| Activity |
Each record should be set down again so that it matches the original exactly.

-- Opening Marker --

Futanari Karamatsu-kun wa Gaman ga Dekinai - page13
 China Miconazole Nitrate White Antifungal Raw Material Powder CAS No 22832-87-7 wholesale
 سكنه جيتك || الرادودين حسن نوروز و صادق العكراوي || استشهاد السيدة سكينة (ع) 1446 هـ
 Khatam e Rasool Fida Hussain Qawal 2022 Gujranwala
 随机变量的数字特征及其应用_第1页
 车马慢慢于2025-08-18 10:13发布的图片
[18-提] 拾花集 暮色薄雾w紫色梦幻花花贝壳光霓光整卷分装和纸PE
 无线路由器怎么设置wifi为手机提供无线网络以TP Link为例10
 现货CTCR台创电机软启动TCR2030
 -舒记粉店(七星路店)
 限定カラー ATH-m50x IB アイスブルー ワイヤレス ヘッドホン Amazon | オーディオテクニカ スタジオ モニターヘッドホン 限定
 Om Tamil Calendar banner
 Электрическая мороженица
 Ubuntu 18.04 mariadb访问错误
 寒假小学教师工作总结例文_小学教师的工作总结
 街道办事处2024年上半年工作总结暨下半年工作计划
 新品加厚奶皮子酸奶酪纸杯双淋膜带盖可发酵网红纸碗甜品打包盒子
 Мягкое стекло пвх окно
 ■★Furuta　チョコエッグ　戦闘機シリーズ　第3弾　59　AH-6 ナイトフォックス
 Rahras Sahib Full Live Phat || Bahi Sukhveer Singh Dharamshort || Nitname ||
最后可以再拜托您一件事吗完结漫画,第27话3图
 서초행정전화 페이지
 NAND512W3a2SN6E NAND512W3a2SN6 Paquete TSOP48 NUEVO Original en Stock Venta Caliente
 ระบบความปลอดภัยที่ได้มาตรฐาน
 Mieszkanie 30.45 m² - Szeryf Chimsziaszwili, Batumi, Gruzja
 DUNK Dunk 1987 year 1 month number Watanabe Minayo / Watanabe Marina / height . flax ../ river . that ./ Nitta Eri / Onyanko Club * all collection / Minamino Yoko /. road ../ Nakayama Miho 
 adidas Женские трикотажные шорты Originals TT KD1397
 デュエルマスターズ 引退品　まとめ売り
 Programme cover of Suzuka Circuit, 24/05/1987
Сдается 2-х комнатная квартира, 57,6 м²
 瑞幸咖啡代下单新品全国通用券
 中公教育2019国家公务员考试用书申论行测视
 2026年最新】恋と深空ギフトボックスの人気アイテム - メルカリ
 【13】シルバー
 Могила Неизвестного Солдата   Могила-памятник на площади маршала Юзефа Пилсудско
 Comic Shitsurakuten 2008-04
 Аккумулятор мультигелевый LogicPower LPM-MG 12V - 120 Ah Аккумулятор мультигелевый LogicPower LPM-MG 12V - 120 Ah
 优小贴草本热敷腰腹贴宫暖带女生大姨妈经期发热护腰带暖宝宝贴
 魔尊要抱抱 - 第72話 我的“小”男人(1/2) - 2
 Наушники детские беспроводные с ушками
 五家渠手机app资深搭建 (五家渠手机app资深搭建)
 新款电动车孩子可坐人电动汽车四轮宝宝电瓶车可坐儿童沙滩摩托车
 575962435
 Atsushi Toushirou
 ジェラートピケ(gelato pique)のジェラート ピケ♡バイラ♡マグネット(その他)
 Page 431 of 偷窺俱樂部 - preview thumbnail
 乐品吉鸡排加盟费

-- Closing Marker --

| Answer space |
Futanari Karamatsu-kun wa Gaman ga Dekinai - page13
 China Miconazole Nitrate White Antifungal Raw Material Powder CAS No 22832-87-7 wholesale
 سكنه جيتك || الرادودين حسن نوروز و صادق العكراوي || استشهاد السيدة سكينة (ع) 1446 هـ
 Khatam e Rasool Fida Hussain Qawal 2022 Gujranwala
 随机变量的数字特征及其应用_第1页
 车马慢慢于2025-08-18 10:13发布的图片
[18-提] 拾花集 暮色薄雾w紫色梦幻花花贝壳光霓光整卷分装和纸PE
 无线路由器怎么设置wifi为手机提供无线网络以TP Link为例10
 现货CTCR台创电机软启动TCR2030
 -舒记粉店(七星路店)
 限定カラー ATH-m50x IB アイスブルー ワイヤレス ヘッドホン Amazon | オーディオテクニカ スタジオ モニターヘッドホン 限定
 Om Tamil Calendar banner
 Электрическая мороженица
 Ubuntu 18.04 mariadb访问错误
 寒假小学教师工作总结例文_小学教师的工作总结
 街道办事处2024年上半年工作总结暨下半年工作计划
 新品加厚奶皮子酸奶酪纸杯双淋膜带盖可发酵网红纸碗甜品打包盒子
 Мягкое стекло пвх окно
 ■★Furuta　チョコエッグ　戦闘機シリーズ　第3弾　59　AH-6 ナイトフォックス
 Rahras Sahib Full Live Phat || Bahi Sukhveer Singh Dharamshort || Nitname ||
最后可以再拜托您一件事吗完结漫画,第27话3图
 서초행정전화 페이지
 NAND512W3a2SN6E NAND512W3a2SN6 Paquete TSOP48 NUEVO Original en Stock Venta Caliente
 ระบบความปลอดภัยที่ได้มาตรฐาน
 Mieszkanie 30.45 m² - Szeryf Chimsziaszwili, Batumi, Gruzja
 DUNK Dunk 1987 year 1 month number Watanabe Minayo / Watanabe Marina / height . flax ../ river . that ./ Nitta Eri / Onyanko Club * all collection / Minamino Yoko /. road ../ Nakayama Miho 
 adidas Женские трикотажные шорты Originals TT KD1397
 デュエルマスターズ 引退品　まとめ売り
 Programme cover of Suzuka Circuit, 24/05/1987
Сдается 2-х комнатная квартира, 57,6 м²
 瑞幸咖啡代下单新品全国通用券
 中公教育2019国家公务员考试用书申论行测视
 2026年最新】恋と深空ギフトボックスの人気アイテム - メルカリ
 【13】シルバー
 Могила Неизвестного Солдата   Могила-памятник на площади маршала Юзефа Пилсудско
 Comic Shitsurakuten 2008-04
 Аккумулятор мультигелевый LogicPower LPM-MG 12V - 120 Ah Аккумулятор мультигелевый LogicPower LPM-MG 12V - 120 Ah
 优小贴草本热敷腰腹贴宫暖带女生大姨妈经期发热护腰带暖宝宝贴
 魔尊要抱抱 - 第72話 我的“小”男人(1/2) - 2
 Наушники детские беспроводные с ушками
 五家渠手机app资深搭建 (五家渠手机app资深搭建)
 新款电动车孩子可坐人电动汽车四轮宝宝电瓶车可坐儿童沙滩摩托车
 575962435
 Atsushi Toushirou
 ジェラートピケ(gelato pique)のジェラート ピケ♡バイラ♡マグネット(その他)
 Page 431 of 偷窺俱樂部 - preview thumbnail
 乐品吉鸡排加盟费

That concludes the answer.